La dependencia energética eleva el precio del gas en Europa frente a la estabilidad de EE. UU.
La vulnerabilidad energética de la Unión Europea ha quedado expuesta ante la crisis en el golfo Pérsico, obligando al mercado continental a pagar el doble por el gas natural en menos de un mes. Esta diferencia responde a la autosuficiencia de Estados Unidos, que cubre el 90 % de su demanda con producción nacional de fracking, frente a una Europa que depende críticamente de importaciones globales tensionadas.
El precio del gas en el mercado TTF de Países Bajos saltó de 31,6 a casi 61 euros por megavatio hora tras los ataques en el yacimiento iraní de South Pars. En contraste, los precios en el Henry Hub estadounidense solo escalaron de 2,9 a 3,2 dólares por millón de BTU. Esta estabilidad norteamericana se debe a su capacidad de extracción interna.

Estados Unidos es el primer productor mundial de gas natural gracias a la técnica del fracking en cuencas como Texas y Pensilvania. Según la EIA, la producción nacional alcanzará niveles récord de 120.800 millones de pies cúbicos diarios en 2026. Esta infraestructura permite que el país esté menos expuesto a los vaivenes del mercado internacional y conflictos geopolíticos.
La UE depende ahora en un 31 % de Noruega y en un 25 % de Estados Unidos tras reducir el suministro ruso. El 50 % de la energía llega mediante barcos en forma de gas natural licuado (GNL), una modalidad más costosa que los gasoductos. Esto somete al continente a la volatilidad de las rutas marítimas y a la disponibilidad de buques.
Aunque las compras a Catar solo suponen el 4 % del total europeo, el precio sube por la caída de la oferta global. La UE debe competir con los consumidores asiáticos por los cargamentos de GNL disponibles en un mercado tensionado. Esta competencia eleva la prima de riesgo y el coste final para la industria y los hogares europeos.

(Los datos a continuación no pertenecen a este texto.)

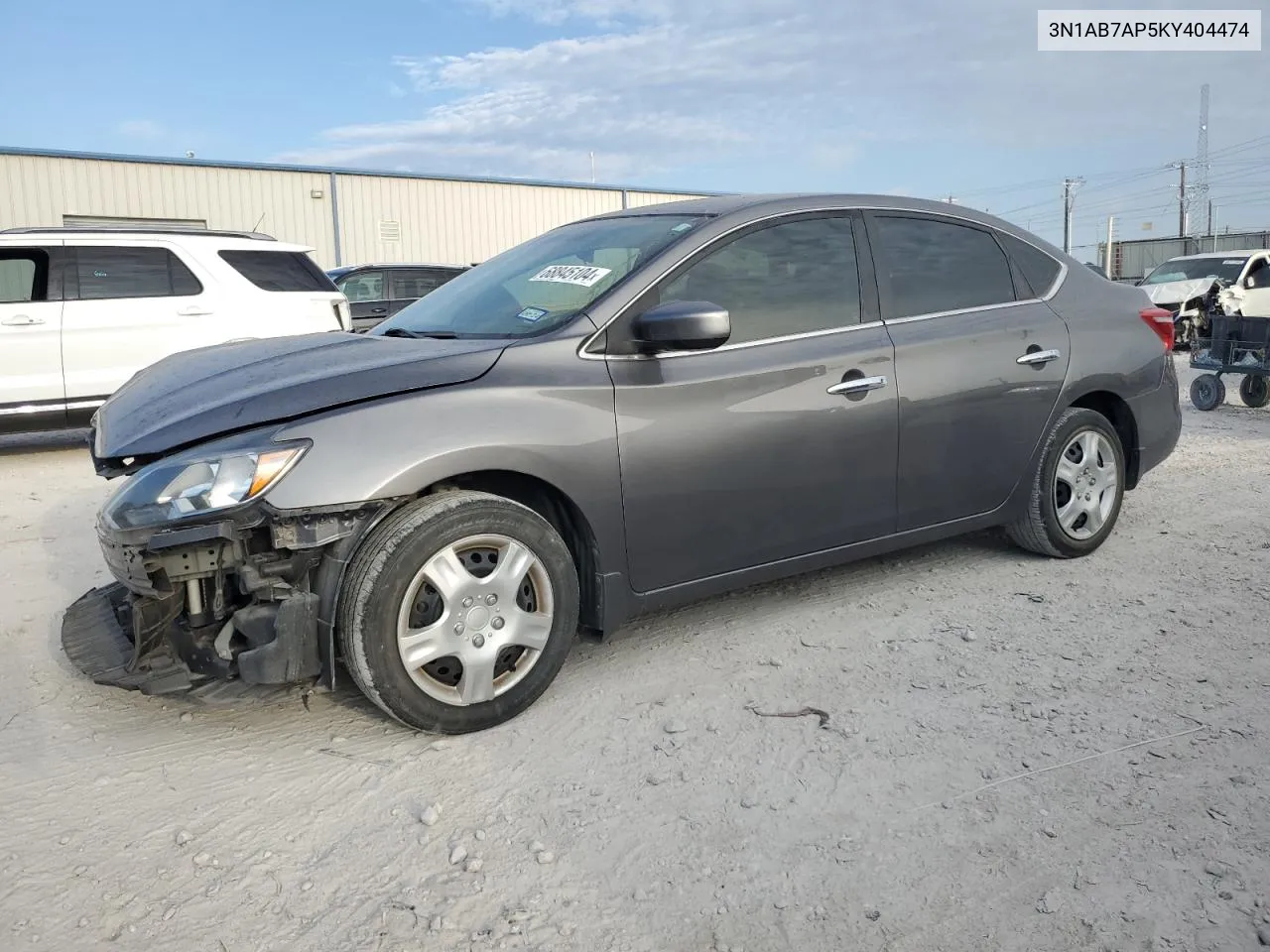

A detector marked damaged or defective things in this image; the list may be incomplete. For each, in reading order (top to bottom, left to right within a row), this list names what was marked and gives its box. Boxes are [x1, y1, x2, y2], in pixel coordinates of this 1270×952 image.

El bloqueo parcial en el estrecho de Ormuz ha generado una asfixia energética que penaliza a las economías sin recursos propios. Estados Unidos evita esta volatilidad al contar con una base extractiva robusta que asegura su frente interno. Europa, en cambio, permanece a merced de la logística marítima y de crisis en regiones productoras fuera de su control.